This methodology facilitates multifactor testing. However, it comes at a price: a loss in power for detecting effects
The traditional approach to experimentation — often referred to as the “scientific method” — requires changing only one factor at a time (OFAT). Unfortunately, the relatively simplistic OFAT approach falls flat when users are faced with factor interactions, for example, when evaluating the combined impact of time and temperature on exothermic reactions. Because interactions abound in chemical process industries (CPI) operations, the multifactor test matrices that are provided by the design of experiments (DoE) approach appeal greatly to chemical engineers.
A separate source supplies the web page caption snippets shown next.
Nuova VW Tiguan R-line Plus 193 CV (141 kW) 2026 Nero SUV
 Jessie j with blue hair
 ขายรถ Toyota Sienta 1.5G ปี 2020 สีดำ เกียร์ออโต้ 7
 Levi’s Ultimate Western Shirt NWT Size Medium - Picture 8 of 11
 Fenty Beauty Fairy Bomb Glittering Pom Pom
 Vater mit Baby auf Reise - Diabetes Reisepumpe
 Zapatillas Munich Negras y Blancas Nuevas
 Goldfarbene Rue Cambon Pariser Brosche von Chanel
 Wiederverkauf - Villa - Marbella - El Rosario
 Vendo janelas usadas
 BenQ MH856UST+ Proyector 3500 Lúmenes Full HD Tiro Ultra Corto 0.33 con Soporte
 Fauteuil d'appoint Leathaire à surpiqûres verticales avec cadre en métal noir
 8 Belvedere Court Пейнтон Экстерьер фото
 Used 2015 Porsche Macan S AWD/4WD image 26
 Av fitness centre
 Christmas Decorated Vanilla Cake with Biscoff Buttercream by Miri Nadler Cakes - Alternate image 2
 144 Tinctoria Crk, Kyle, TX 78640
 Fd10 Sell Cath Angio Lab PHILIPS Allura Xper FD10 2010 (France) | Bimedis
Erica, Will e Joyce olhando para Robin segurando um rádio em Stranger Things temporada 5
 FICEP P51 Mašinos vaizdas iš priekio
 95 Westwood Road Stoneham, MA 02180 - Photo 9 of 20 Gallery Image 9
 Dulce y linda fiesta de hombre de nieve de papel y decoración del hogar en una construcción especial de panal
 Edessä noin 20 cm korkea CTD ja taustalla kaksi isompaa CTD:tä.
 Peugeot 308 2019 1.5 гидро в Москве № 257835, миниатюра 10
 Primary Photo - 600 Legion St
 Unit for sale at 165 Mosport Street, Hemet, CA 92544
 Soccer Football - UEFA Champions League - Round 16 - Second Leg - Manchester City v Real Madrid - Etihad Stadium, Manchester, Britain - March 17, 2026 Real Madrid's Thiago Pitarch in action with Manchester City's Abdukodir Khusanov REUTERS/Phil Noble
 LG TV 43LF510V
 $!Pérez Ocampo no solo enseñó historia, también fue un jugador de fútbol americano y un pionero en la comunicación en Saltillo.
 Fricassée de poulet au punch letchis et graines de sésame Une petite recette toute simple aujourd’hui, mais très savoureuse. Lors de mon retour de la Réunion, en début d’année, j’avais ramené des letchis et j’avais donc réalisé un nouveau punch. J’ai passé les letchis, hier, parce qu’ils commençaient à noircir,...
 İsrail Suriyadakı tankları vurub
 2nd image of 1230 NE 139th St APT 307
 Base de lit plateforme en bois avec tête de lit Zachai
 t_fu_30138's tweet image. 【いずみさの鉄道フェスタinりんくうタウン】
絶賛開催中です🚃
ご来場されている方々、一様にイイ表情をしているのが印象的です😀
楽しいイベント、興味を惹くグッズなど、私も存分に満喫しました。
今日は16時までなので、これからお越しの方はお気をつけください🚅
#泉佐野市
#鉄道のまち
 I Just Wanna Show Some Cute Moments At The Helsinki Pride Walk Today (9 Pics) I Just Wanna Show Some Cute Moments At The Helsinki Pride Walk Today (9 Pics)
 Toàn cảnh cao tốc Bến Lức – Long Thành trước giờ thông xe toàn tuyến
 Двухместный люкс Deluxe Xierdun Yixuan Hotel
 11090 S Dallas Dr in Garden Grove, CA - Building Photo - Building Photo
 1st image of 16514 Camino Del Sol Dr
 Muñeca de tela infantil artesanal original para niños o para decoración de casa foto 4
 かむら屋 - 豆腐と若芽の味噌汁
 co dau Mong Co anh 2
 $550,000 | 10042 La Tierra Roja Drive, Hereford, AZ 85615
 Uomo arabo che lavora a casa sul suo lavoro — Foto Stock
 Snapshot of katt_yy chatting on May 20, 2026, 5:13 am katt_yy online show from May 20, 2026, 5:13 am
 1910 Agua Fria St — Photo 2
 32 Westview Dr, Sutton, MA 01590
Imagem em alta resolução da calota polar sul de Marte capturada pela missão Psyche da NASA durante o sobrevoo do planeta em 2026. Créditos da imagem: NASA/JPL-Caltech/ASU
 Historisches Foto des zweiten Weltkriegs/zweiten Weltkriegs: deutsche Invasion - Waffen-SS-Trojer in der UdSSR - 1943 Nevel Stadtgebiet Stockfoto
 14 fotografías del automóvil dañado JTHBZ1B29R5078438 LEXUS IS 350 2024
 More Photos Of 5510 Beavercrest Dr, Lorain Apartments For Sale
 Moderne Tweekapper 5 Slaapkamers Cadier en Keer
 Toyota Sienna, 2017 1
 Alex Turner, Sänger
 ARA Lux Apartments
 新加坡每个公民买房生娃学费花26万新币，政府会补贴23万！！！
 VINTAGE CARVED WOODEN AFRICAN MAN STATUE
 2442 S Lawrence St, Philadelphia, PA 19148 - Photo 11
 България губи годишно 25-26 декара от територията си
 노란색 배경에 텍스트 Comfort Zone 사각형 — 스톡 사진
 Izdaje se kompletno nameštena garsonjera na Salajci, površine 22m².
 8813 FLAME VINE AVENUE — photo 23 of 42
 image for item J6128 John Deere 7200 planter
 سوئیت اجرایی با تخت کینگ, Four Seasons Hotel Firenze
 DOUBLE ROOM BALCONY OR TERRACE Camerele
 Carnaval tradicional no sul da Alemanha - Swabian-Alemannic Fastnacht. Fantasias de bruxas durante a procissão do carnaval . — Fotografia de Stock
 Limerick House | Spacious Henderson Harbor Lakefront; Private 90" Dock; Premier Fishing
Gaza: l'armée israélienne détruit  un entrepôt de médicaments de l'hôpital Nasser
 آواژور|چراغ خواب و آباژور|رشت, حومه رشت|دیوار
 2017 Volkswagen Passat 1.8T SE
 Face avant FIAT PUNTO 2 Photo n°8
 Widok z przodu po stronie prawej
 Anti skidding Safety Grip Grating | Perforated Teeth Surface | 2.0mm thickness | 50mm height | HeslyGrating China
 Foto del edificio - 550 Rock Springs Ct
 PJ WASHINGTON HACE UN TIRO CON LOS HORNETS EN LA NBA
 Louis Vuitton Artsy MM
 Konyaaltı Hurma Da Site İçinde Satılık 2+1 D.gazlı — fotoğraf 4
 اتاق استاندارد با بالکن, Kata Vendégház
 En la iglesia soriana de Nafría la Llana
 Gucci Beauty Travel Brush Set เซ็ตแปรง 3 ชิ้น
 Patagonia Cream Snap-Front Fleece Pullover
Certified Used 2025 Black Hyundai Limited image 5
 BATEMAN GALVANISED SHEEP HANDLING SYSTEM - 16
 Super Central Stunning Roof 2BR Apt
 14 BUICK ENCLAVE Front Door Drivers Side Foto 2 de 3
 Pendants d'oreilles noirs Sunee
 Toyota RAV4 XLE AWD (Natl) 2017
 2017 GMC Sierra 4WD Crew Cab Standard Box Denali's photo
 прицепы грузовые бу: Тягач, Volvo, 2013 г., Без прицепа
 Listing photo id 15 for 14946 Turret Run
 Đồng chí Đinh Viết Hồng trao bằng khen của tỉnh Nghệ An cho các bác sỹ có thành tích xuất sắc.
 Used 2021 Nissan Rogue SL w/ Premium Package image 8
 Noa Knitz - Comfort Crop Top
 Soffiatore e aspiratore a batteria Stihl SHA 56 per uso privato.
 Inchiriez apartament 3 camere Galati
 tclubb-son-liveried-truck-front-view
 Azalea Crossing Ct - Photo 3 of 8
However, carrying out DoE correctly requires that runs be randomized “whenever possible” [ 1] to counteract the bias that may be introduced by time-related trends, such as aging of feedstocks, decay of catalysts and the like.
But what if complete randomization proves to be so inconvenient that it becomes impossible to run an experiment that is designed in an ideal manner with regard to statistics? In this case, a specialized form of design — called “split plot” — becomes attractive, because of its ability to effectively group hard-to-change (HTC) factors [ 2–3]. A split plot accommodates both HTC factors (for instance, cavities that are being evaluated for their effects on a molding process), and those factors that are considered to be easy to change (ETC; such as the pressure applied to the part being formed).
Split-plot designs originated in the field of agriculture, where experimenters applied one treatment to a large area of land, called a whole plot, and other treatments to smaller areas of land (subplots) within the whole plot. For example, Figure 1 shows two alternative experiments [ 4] that were carried out to evaluate their impact on six varieties of sugar beets (Numbers 1 through 6) that were sown either early (E) versus late (L) in the growing season:
- The top row shows a completely randomized design that was carried out in one field, versus
- The bottom row, which shows the whole plot (a single field) split into two subplots (in this case, parcels with beet crops that were sown early versus sown late)
The split-plot layout made it far sweeter (pun intended) for the sugar beet farmer to sow the seeds according to the proposed grouping, since it is far easier to plant subplots early versus late, rather than doing it in random locations.
Industrial use of the split plot
DoE pioneer George Box developed a clever experiment that led to the discovery of a highly corrosion-resistant coating for steel bars [ 5]. Four different coatings (C1–C4) were tested (which is easy to do) at three different furnace temperatures (which is hard to change), and each experiment was run twice to provide statistical power. The design that Box developed (a split plot) for this experiment is shown in Table 1. Results for relative corrosion resistance — the higher the better — are shown in parentheses. Note the bars being placed at random by position.
Observe in the layout for this experiment how Box simplified the execution of his experiment: in addition to grouping by temperature (which Box called “heats” in [ 5]), he increased the furnace temperature run-by-run and then decreased it gradually. This was done out of necessity due to the difficulties of heating and cooling a large mass of metal. The saving grace, however, is that, although shortcuts like this may undermine the resulting statistics when they do not account for the restrictions in randomization, the estimates for the effects remain true. Thus, the final results can still be assessed on the basis of subject matter knowledge (in terms of whether they indicate important findings). Nevertheless, if at all possible, it will always be better to randomize levels in the whole plots and, furthermore, reset them (for instance, turn the dial away and then back to the same value) when they have the same value (for example, between Groups 3 and 4 in this design).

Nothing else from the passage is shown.